- **Exercise directions**: Write out word for word the lines from the one holding "used 2021 Chevrolet" through the end of the data, and only those lines. Pictures stay out.

- **Dataset excerpt**:

————————

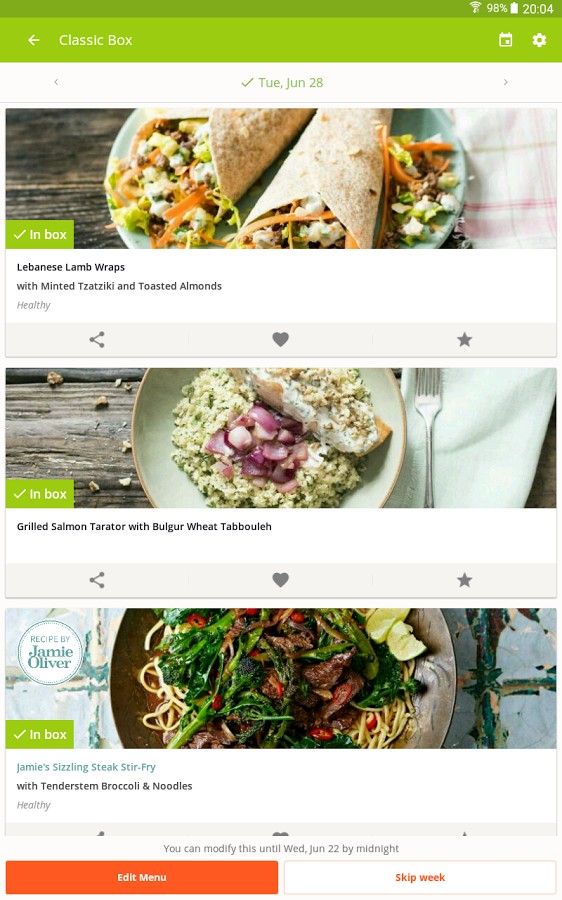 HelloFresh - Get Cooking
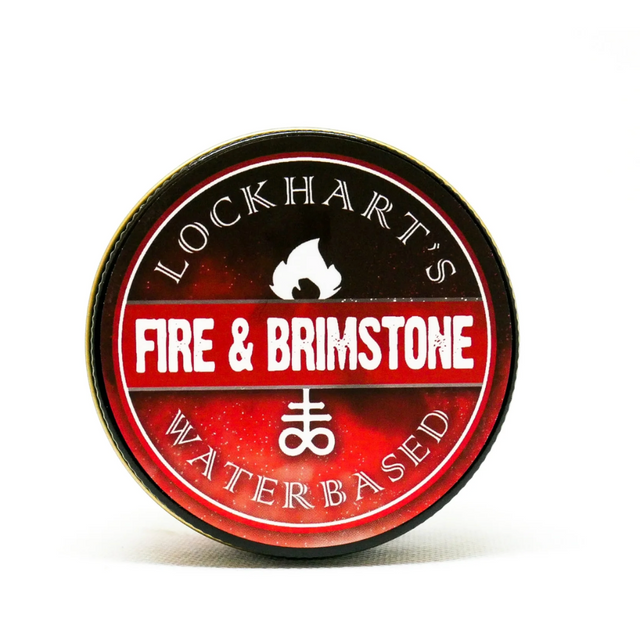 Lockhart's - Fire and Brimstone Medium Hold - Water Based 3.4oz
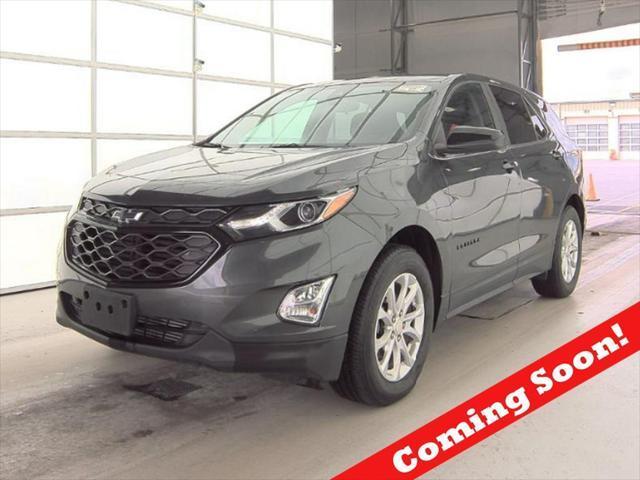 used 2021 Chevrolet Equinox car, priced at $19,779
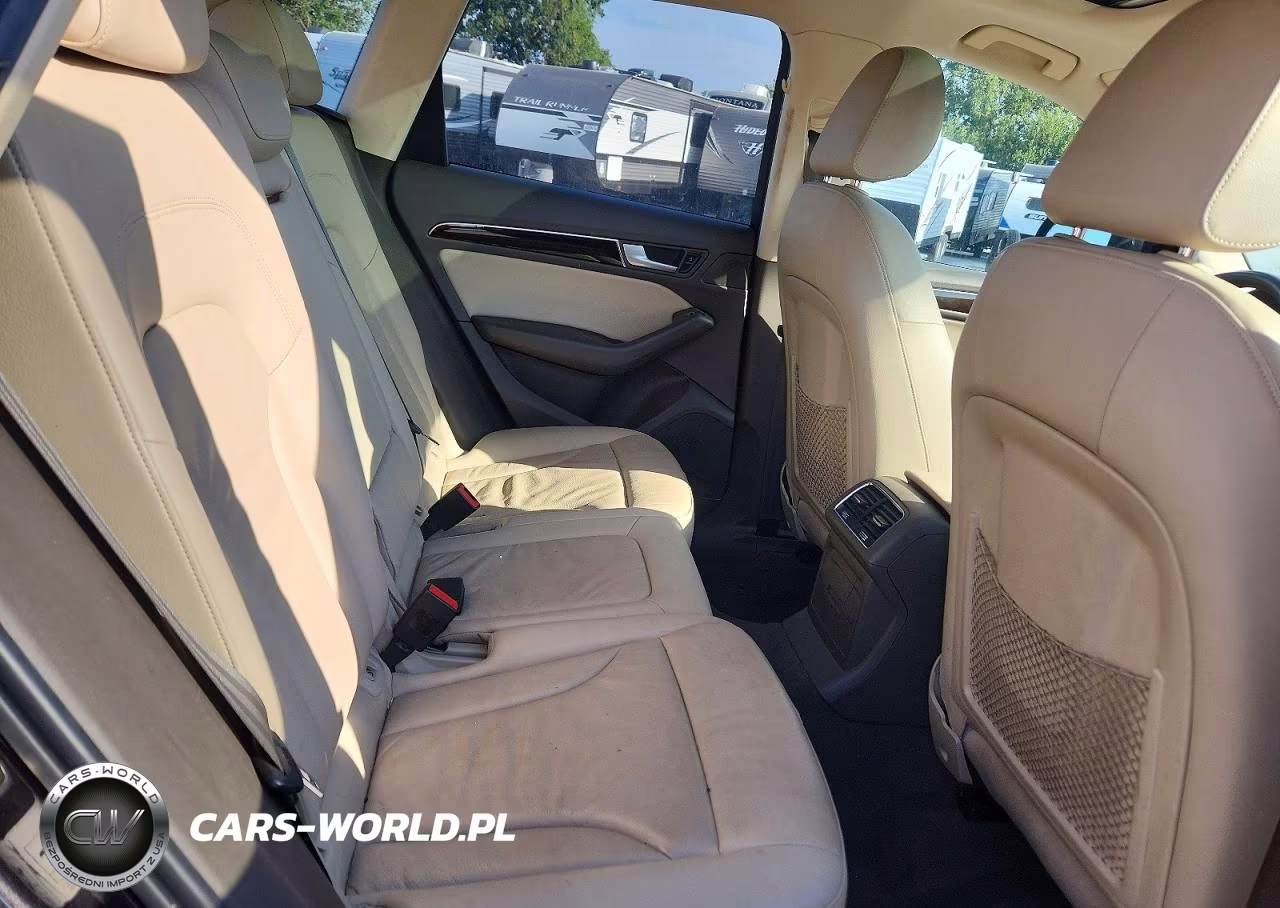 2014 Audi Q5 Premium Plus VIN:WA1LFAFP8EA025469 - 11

————————

- **Response to this task**:
 used 2021 Chevrolet Equinox car, priced at $19,779
 2014 Audi Q5 Premium Plus VIN:WA1LFAFP8EA025469 - 11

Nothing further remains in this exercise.